# Rod Building



## MSUICEMAN (Jan 9, 2002)

also, if you want a hidden hood assembly (hide the front hood of the reelseat under the cork grip, I would not buy a pre reamed grip..... get a normal grip and carefully measure how much you need to ream out and do it yourself, takes a bit of time, but the pre-made hidden hood grips are way more expensive.

steve


----------



## Foxy Carp (Aug 23, 2002)

I guess I should not have recomended the cabelas finish. I suppose I've forgotten all of the trouble I've had with it. It's great for butt wraps, but other than that it is more trouble than it is worth. If your temperature is below 70 degrees, I've found that it turns out soft and a little tacky. Like hooknem said, go with LS Supreme. I used it for the first time a few days ago and I am ordering moer tonight. It dries fairly quick, and you can be a little off on the measurements and still not screw up a rod. Classic Coat low build is also good.


----------



## flyrod4steelhead (Mar 14, 2002)

I just received the Fly Fishing spring/summer 2004 issue from Cabelas. YPSI, I was looking in the book at the rod building set's. They look pretty good, from a beginner's eyes anyway's. Think I might take out the plastic tonight  They have a Power Wrapper that I was looking at as well. But being that I am just starting in this, should I shy away from a powerd wrapper with foot control?
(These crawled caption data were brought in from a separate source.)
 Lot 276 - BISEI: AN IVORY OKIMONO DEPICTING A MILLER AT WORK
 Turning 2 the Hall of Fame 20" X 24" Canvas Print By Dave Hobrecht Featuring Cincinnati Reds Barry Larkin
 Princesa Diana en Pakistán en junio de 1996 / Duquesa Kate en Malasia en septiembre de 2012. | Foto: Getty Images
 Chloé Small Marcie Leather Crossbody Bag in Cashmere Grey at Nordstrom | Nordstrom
Thanks everyone for all the info, and hope that their is more to come

(was trying to post a link, but I just can't get it  )


----------



## rangerman (Apr 17, 2002)

If you are going to use sandpaper wrapped around an old section of blank as a reamer, make sure you have all of the grit out of the grip before you slide it down the blank. If not, you will end up scratching the blank.
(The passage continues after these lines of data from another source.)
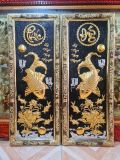 Tranh lý ngư vọng nguyệt đồng vàng dát vàng bạc KT 1mx40cm khung đồng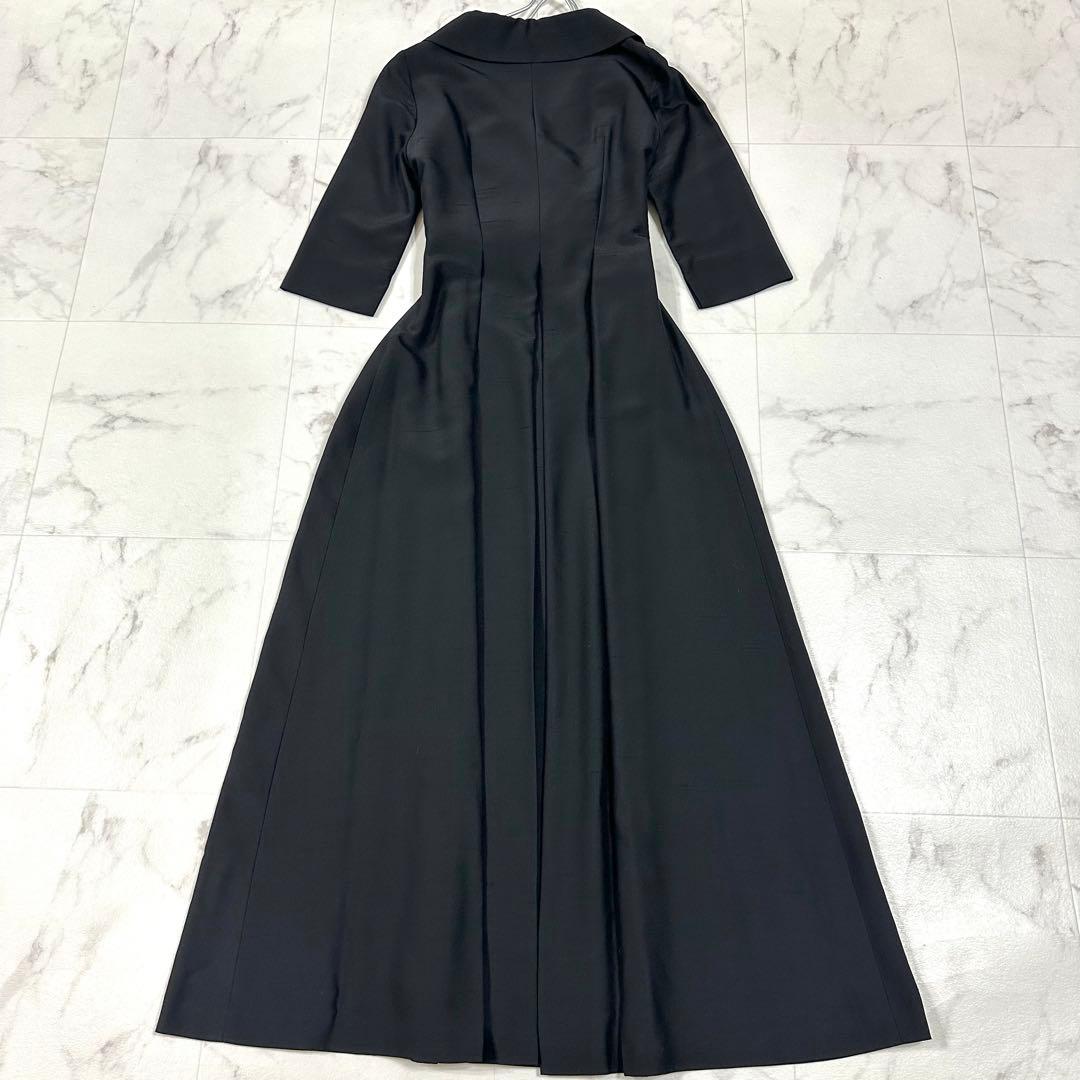 【美品】Sybilla ロングワンピース シャンタン生地 フレア 黒 L相当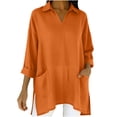 thumbnail image 2 of Bixock Women's Maternity Tops Long Sleeve Shirts V Neck Cotton Linen Loose Pregnant Casual Blouse with Pockets Soft Breathable Daily Wear Maternity Clothings, 2 of 7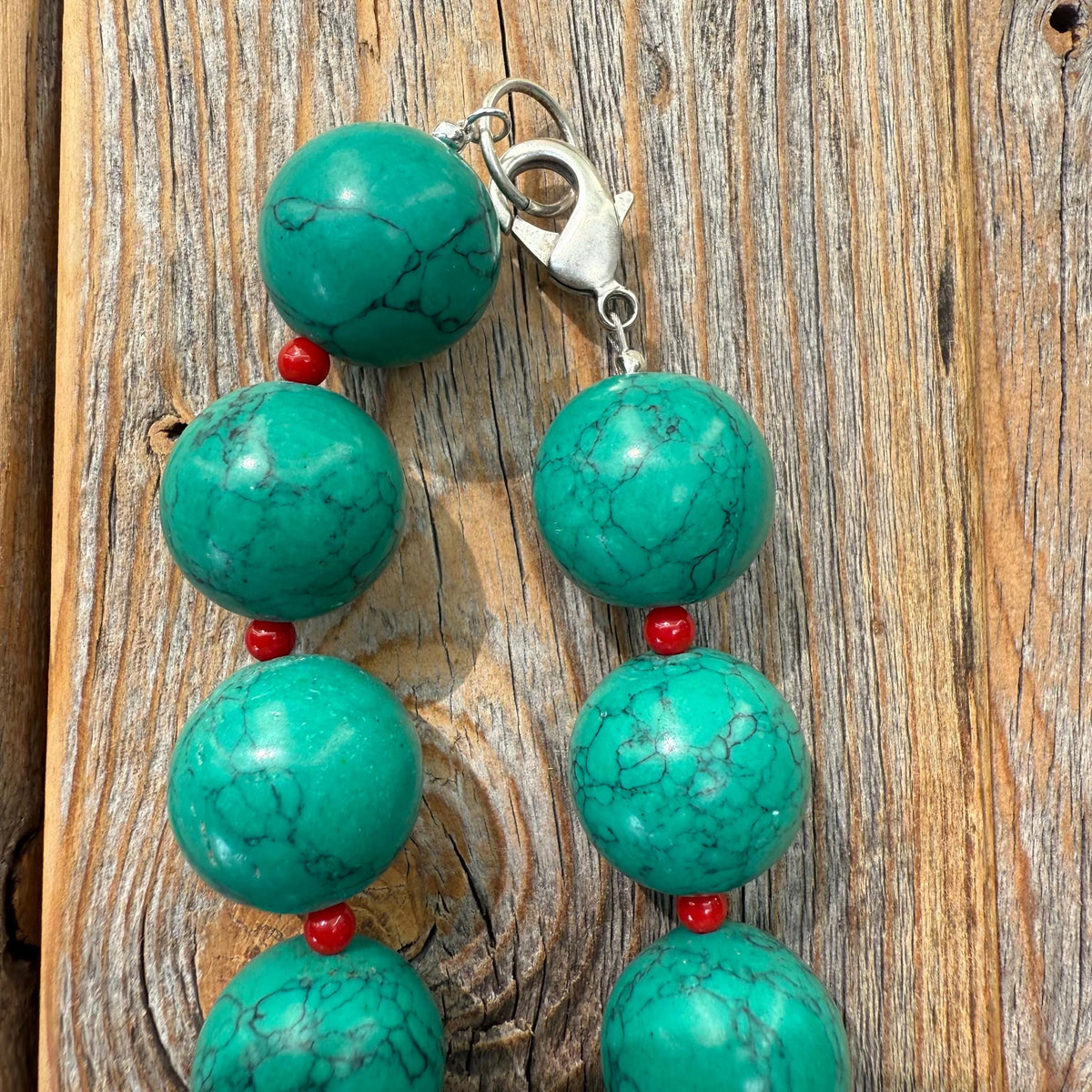 Chunky Turquoise & Red Coral Necklace, Southwestern Boho Statement Jewelry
A lot of the books recommend using masking tape for bushings but a better alternative is fiberglass drywall tape.

I love Cabelas, but if you deal with smaller suppliers that specialize in rod building materials (see the left side of the rodbuilding.org homepage) you can get more personalized service which could be important if you are just starting out. I was confused with some of the measurement for reel seats and tip tops and Karen at Bingham Enterprises made sure I got components which fit correctly. Saved me from buying 3 of each to get one that fit.


----------



## troy1 (Jan 4, 2001)

has anyone out there heard anything about www.rod-blanks.com. all there blanks are $15 all the time, no warrenties but hey for $15 what can you expect. they also have kits for around $30, guides, tip top and handle and i cant remember what else off the top of my head. under $50 to get started.


----------



## MSUICEMAN (Jan 9, 2002)

troy1, go to rodbuilding.org and search for rod-blanks.com this topic has been discussed there thoroughly. Just trying to be helpful.

steve


----------



## troy1 (Jan 4, 2001)

thanks for the quick reply msuiceman. i just saw this post and thought that web site would be a good place to start. i really dont know to much about it.. im doing things a bit backwards as i just started my first bamboo rod. ive never built any kind of rod before so i figured that i would stsrt with the hardest.


----------



## MSUICEMAN (Jan 9, 2002)

troy1, i'm eager to learn bamboo myself...... if all goes well with your rod, anyway you can teach a beginner such as myself the ropes? i learned casting on a bamboo rod, and there is none finer an instrument to paint the sky with.

steve


----------



## troy1 (Jan 4, 2001)

they funny thing is ive been fly fishing for almost ten years now and ive never even casted a cane rod. my good friend and fishing buddy who is a fly fishing guru, started building them with in the last year and is know teaching me. it really isnt that hard so far. i was a little scared splitting the cane at first, but he showed me a fool proof way and it was easy. im getting ready to begin rough planning this weekend. buying the materials to start is no worse really than buying the stuff to build a top of the line sage or scott or t&t blank. its the tools that kill you if you have to buy them all to start. lucky for me that my buddy has them all and im starting to pick them up as i go.


----------



## YPSIFLY (Feb 13, 2001)

Picked up all the tools and gadgets to get started. I also picked out a kit that will build a 6' Light spinning rod, and a book to help walk me through some of the technical stuff.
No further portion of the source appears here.